We’re having a new bathroom installed down there. When Steve pulled down a wall, he saw that a pipe from an upstairs toilet was leaking into a storage closet. We had shoved all sorts of things in this crawl space: old toys, a pair of crutches, an empty guitar case. . . . Also back there was a long, flat cardboard box that was sort of a Momart warehouse of our house. It contained artwork by Harmon Pritchard and Charles Eugene Moss, My Lovely Wife’s paternal grandfather and maternal great-grandfather, respectively.
Who knows how long the water had been dripping. Probably months. A flood we would have noticed, but a drip is more insidious. And basements, after all, are often damp and occasionally visited by puddles of dubious origin.
The water had dripped onto the box, swelling it, turning its corrugated surface into a breeding ground for mold. Over time, drip by drip, it had worked its way through the box, like a slow-motion oxyacetylene torch. Water can seem benign, but let’s not forget it’s what carved the Grand Canyon.
Steve pointed out that the cardboard box had taken the brunt of the damage. It could have been placed anywhere in that closet, but it was at Ground Zero. When I saw the box — collapsed, suppurating, mottled by mold — I was almost physically ill. Oil paints do not do well when exposed to moisture. Nor do pencil sketches. Water, perversely, is especially unkind to watercolors.
My wife, Ruth, never met Harmon Pritchard or Charles Eugene Moss. They were gone long before she came around. Neither artist was what you’d call famous. Pritchard fascinates me because of his Walter Mitty-like life. He was a New York Jew who changed his name from “Herman” and the family name from “Prichep” and dreamed of being a cowboy artist. He worked as an accountant but in his spare time drew and painted such subjects as calves being roped, broncos being busted and cowboys riding the range. He drew from life, after a fashion, finding inspiration in the rodeos and cowboy shows that visited New York City every year in the 1930s and 1940s. We have a photo of Harmon. He’s wearing a 10-gallon hat, Hopalong Cassidy from the Bronx.
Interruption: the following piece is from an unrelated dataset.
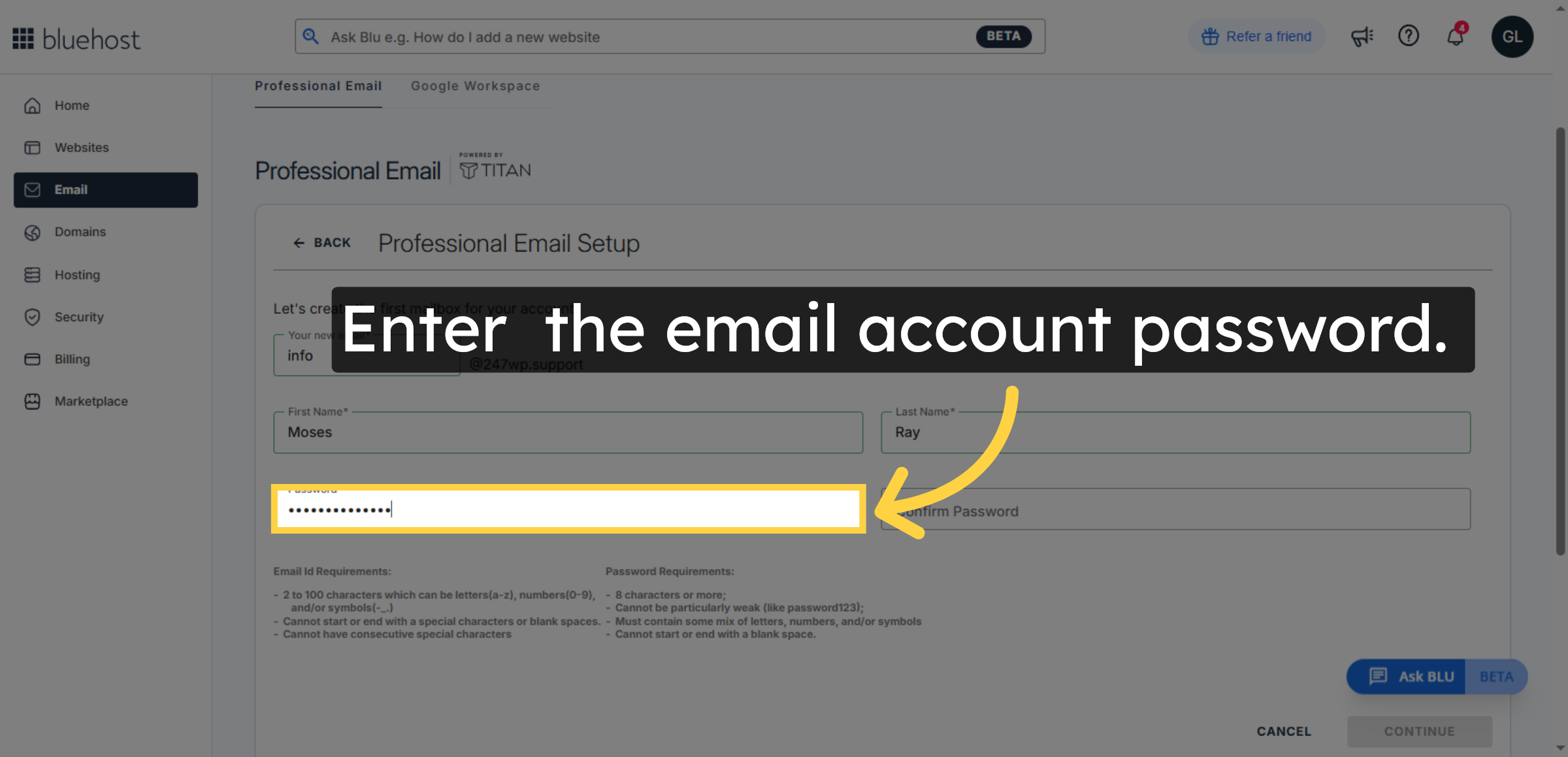 Set Email Account Password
Moss grew up in a small Nebraska town and showed such artistic promise as a boy that the citizenry raised money so he could study in the fashion artists were supposed to, in Europe. He was packed off to France. His was a much more classical education than Pritchard’s. Moss painted dreamy landscapes, impressionist portraits and vaguely Cassatt-like pictures of mothers and children. He exhibited in Paris, immigrated to Canada and was active in Ottawa art circles.
The cardboard box contained just a fraction of the work my wife has from these two forebears. In fact, this wasn’t finished work at all, just doodles and sketches — scraps, really. The best stuff is hanging on our walls. We have another assortment in the attic in a metal box.
At least we did till last week. The attic’s the wrong place for stuff like that. I’ll put the box somewhere safer, though I’m not sure exactly where that might be.
As I went through the cardboard box, pulling at the damp and stained paper and canvas inside, I silently asked forgiveness from these two long dead men, so very different from one another but each vital to the eventual arrival of My Lovely Wife.
I reflected on Art and the battle it fights: to take something as fragile as a piece of paper and a pencil, a square of cloth and a dab of paint, and attempt to forestall the drip, drip, drip of Time.